FILE PHOTO: Amazon founder and CEO Jeff Bezos laughs as he talks to the media while touring the new Amazon Spheres during the grand opening at Amazon's Seattle headquarters in Seattle, Washington, U.S., January 29, 2018.   REUTERS/Lindsey Wasson/File Photo
Amazon founder and CEO Jeff Bezos.

  • Teladoc fell 6% on Wednesday following a Business Insider report that Amazon is quietly building a business to offer primary healthcare services for other large employers.
  • As an extension of Amazon Care, the service would offer in-person and online doctor visits that can be scheduled through a mobile app, according to the report.
  • Shares of health insurance stocks also fell, with UnitedHealth Group and Cigna dropping as much as 2%.
  • Visit Business Insider’s homepage for more stories.

Shares of Teladoc and health insurance providers fell on Tuesday following a report from Business Insider that Amazon is quietly building a healthcare service that will be offered to employee of other large companies.

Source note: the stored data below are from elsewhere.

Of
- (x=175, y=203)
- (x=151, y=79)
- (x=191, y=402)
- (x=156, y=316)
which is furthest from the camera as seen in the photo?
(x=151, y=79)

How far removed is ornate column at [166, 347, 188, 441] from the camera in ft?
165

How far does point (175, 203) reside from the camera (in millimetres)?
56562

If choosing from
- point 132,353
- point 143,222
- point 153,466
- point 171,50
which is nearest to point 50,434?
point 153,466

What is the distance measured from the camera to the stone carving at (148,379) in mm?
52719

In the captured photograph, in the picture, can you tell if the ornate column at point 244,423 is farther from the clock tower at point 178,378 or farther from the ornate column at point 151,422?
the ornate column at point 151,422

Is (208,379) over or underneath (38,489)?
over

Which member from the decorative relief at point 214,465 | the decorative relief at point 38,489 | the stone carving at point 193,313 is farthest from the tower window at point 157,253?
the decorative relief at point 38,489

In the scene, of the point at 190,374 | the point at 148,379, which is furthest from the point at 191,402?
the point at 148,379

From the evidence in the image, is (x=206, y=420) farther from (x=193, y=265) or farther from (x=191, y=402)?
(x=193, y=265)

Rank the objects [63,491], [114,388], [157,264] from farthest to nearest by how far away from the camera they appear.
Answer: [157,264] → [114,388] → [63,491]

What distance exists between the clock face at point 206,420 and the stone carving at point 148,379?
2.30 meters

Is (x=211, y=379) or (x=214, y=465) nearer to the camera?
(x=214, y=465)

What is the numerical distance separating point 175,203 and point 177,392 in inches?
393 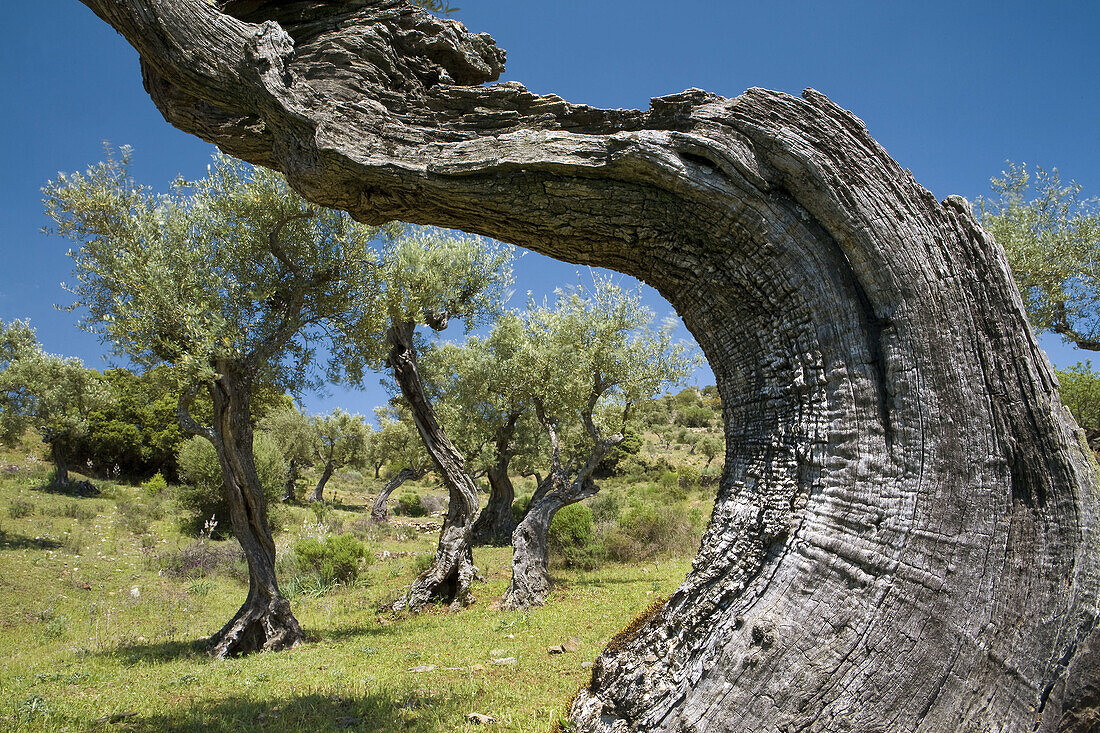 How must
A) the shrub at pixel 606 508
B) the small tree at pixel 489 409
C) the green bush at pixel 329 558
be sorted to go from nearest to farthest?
the green bush at pixel 329 558
the small tree at pixel 489 409
the shrub at pixel 606 508

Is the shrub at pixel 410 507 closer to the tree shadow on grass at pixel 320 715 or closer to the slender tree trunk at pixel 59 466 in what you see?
the slender tree trunk at pixel 59 466

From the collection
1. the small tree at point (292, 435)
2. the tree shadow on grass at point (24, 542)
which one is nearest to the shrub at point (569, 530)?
the tree shadow on grass at point (24, 542)

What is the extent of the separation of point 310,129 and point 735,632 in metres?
3.82

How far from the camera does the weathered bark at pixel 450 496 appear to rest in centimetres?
1376

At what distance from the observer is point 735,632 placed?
110 inches

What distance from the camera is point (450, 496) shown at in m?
14.1

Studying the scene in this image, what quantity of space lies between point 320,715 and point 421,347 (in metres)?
11.9

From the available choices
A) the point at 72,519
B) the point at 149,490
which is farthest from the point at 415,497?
the point at 72,519

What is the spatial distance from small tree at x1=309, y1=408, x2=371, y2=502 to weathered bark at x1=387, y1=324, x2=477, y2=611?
28219 millimetres

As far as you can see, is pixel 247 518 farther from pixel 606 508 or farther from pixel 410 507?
pixel 410 507

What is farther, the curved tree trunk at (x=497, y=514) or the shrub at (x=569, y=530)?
the curved tree trunk at (x=497, y=514)

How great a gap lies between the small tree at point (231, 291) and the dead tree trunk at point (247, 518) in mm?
18

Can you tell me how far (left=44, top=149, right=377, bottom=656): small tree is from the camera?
31.8 feet

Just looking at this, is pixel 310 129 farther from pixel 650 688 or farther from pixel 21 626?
pixel 21 626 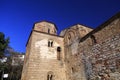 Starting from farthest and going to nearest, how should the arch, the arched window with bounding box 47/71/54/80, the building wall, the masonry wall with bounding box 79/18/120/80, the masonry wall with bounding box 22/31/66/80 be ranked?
the arch < the arched window with bounding box 47/71/54/80 < the masonry wall with bounding box 22/31/66/80 < the building wall < the masonry wall with bounding box 79/18/120/80

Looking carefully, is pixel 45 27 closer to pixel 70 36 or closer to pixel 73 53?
pixel 70 36

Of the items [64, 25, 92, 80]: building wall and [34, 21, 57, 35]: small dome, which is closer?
[64, 25, 92, 80]: building wall

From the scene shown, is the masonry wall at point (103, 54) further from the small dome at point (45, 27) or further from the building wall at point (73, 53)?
the small dome at point (45, 27)

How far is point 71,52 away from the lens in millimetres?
11867

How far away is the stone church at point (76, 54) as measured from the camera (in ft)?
24.4

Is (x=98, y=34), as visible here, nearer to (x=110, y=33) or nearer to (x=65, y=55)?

As an extension of Amazon Care, the service would offer in-person and online doctor visits that can be scheduled through a mobile app, according to the report. The service would bypass health insurance plans and brokers, potentially helping lower the cost of healthcare.

Citing people familiar with the matter, Business Insider reports that Amazon has already pitched the service to Zillow, though its unclear how many other companies were pitched the service offering. 

Zillow confirmed that it was pitched the Amazon Care service but that nothing came of it, according to the report. 

Read more: Amazon is going deeper into the prescription-drug business. Here are the 7 ways the tech giant is taking on healthcare, and why 2 analysts think doctor visits are next.

Amazon’s push into healthcare services has been years in the making, most recently marked by the e-commerce giant’s launch of an online pharmacy. That move sent pharmacy stocks like CVS and Walgreens down substantially.

A similar move played out on Wednesday in shares of Teladoc, which helps facilitate virtual doctor visits for patients via video-calls. Shares of Teladoc fell as much as 6% in Wednesday trades.

Health insurance stocks also fell on Wednesday following the report, with shares of both UnitedHealth Group and Cigna down as much as 2%. Shares of Amazon traded up nearly 1% in Wednesday trades.